What would you need in the logparser to make it work for your usecase?

Luv · April 21, 2017, 10:44pm

I would also go with option 2. It keeps log data in one database, but separates different types of logs by putting them in different measurements.

If you want to parse different log files and store them in different measurement, then you would have to define the [inputs.logparser] as many times as the number of different log files you want to parse. Because, at one time, the [inputs.logparser] plugin can only put the parsed logs under one measurement.

 [[inputs.logparser]]
  files = ["/var/log/nginx/api_access.log"]
     [inputs.logparser.grok]
      patterns = ["%{COMBINED_LOG_FORMAT}"]
       measurement = "api_access.log"

You would repeat this input plugin, and store different file under different measurement. This is the only way to put different log files under different measurements.
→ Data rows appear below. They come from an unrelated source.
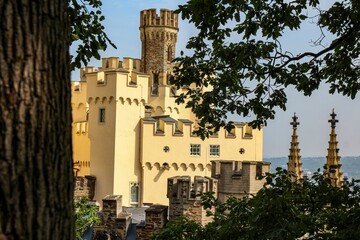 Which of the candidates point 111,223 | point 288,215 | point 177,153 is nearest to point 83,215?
point 111,223

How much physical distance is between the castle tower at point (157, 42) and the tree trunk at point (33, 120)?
61733 millimetres

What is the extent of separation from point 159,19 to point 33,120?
212 feet

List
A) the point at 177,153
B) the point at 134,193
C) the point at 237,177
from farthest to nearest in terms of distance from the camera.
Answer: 1. the point at 177,153
2. the point at 134,193
3. the point at 237,177

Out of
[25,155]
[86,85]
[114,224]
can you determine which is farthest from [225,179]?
[25,155]

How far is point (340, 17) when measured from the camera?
465 inches

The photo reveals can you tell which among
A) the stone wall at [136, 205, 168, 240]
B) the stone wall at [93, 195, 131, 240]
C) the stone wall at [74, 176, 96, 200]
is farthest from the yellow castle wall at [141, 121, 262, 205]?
the stone wall at [136, 205, 168, 240]

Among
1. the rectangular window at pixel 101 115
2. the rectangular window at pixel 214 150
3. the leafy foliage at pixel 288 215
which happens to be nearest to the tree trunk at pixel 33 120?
the leafy foliage at pixel 288 215

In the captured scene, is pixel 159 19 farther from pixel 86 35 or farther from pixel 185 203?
pixel 86 35

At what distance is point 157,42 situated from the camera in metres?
66.8

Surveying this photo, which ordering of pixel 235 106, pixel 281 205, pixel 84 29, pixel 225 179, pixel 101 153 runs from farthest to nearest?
pixel 101 153, pixel 225 179, pixel 235 106, pixel 84 29, pixel 281 205

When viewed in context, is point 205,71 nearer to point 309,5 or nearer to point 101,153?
point 309,5

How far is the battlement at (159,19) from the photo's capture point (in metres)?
67.2

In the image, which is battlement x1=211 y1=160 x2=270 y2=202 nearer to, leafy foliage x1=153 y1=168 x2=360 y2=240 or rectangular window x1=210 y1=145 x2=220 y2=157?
rectangular window x1=210 y1=145 x2=220 y2=157

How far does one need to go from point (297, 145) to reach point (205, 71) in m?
29.1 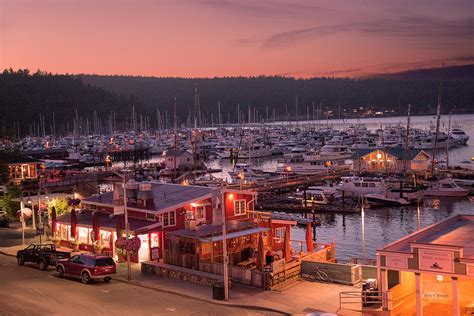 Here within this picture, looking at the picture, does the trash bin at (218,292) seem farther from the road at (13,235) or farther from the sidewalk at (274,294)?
the road at (13,235)

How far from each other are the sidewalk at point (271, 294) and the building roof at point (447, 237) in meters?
3.32

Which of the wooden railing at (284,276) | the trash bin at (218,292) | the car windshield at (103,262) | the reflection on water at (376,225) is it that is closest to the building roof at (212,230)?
the car windshield at (103,262)

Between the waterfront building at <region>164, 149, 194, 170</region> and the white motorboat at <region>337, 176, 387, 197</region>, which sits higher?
the waterfront building at <region>164, 149, 194, 170</region>

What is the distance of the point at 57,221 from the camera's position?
3831 cm

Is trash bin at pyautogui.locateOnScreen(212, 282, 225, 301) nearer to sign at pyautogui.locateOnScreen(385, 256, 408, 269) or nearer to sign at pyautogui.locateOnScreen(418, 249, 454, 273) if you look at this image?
sign at pyautogui.locateOnScreen(385, 256, 408, 269)

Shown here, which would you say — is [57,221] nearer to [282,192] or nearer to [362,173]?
[282,192]

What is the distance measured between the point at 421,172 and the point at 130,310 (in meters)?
68.2


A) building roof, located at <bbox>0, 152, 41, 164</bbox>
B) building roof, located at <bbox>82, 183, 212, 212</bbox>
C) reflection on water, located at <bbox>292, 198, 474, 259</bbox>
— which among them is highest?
building roof, located at <bbox>0, 152, 41, 164</bbox>

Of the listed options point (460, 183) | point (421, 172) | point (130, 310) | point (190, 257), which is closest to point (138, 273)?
point (190, 257)

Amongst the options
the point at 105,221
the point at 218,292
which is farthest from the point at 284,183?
the point at 218,292

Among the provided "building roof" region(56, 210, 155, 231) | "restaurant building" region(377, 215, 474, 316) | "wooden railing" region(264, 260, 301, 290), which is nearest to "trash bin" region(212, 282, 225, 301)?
"wooden railing" region(264, 260, 301, 290)

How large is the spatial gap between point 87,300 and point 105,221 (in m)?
10.4

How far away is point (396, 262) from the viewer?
20.7 metres

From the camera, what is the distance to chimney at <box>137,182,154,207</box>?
3472 cm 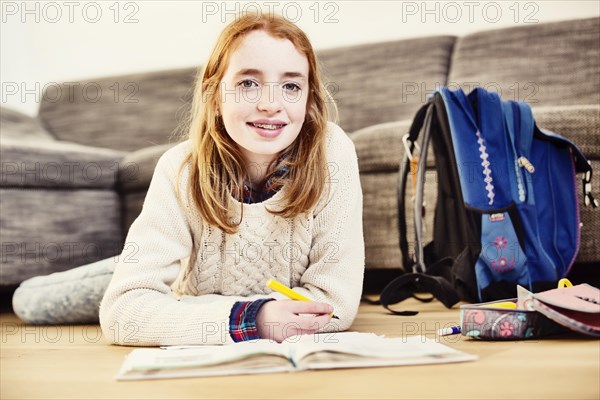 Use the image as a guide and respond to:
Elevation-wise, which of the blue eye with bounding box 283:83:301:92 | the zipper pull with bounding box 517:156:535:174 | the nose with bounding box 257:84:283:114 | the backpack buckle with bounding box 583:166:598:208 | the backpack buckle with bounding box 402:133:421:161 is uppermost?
the blue eye with bounding box 283:83:301:92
paulo · April 24, 2017, 8:27am

Hi Luv, what do you think of Retention policies? They’re per Database, correct? With Option #2 I won’t be able to set different RPs to different kinds of logs. Not sure that bothers me all that much, though.

paulo · April 24, 2017, 8:48am

Hi Jack.

How many series were you creating?

In terms of number of Series, many of the URLs have a Session ID in the PATH, so it would be pretty much one whole set of Series each time a user gets to the website that day.

To be honest, though, I don’t know how impacting this would be to the current engine. But it appears to be strongly discouraged and, according to what I can understand of the engine, it appears to be highly undesirable. Could that be something that the DB engine could easily live with!? We don’t want to implement something that’s discouraged only to find ourselves in a few weeks in a deep hole that I dug for ourselves with a bad design.

“Series explosion” shouldn’t be a big issue after […]

In terms of new upcoming engine, we cannot wait on «promises of the future». We need the logs «today», not someday in the future that might not even come to be. As I said, I don’t really know how impacting that «Series explosion» would be to the server, but if it is substantially negative to the engine as it is now, then we have to work around it in some way.

What would you need in the logparser to make it work for your usecase?

At the moment, we would need Telegraf’s logparser to be able to do these 2 things:

# Transform data #
For example, be able to transform this:
/getPersonalAccount/324651-1234-1234-1234-123456678/
Into this:
/getPersonalAccount/{GUID}/

# Aggregate or resolve time-conflicted lines #
We have some high-traffic web servers which serve many URLs which are equal in all “Tags” happening at the exact same second. In InfluxDB they will all be lost but one, losing the ability to calculate frequency of Requests/s and proper statistics of Average/percentiles/min/max/etc Response Times.

I would need Telegraf to have the ability to either aggregate the requests with strong statistical capabilities, or the ability to resolve those time-bucket conflicts by detecting the conflict and adding a conflict-resolving Tag.

jackzampolin · April 24, 2017, 6:40pm

@paulo A single instance can handle ~5M series pretty comfortably, so there is some headroom depending on how many series you are creating daily and how long you want your retention period to be. Currently each series key is stored in memory to look up the array of values on disk. That means the more series, the larger the RAM requirement. One way a lot of folks deal with this is having the high cardinality data downsampled into much lower cardinality data.

The promises of the future are only there because you could start collecting your data now at a lower retention period, and once the changes come in lengthen the retention period to infinite.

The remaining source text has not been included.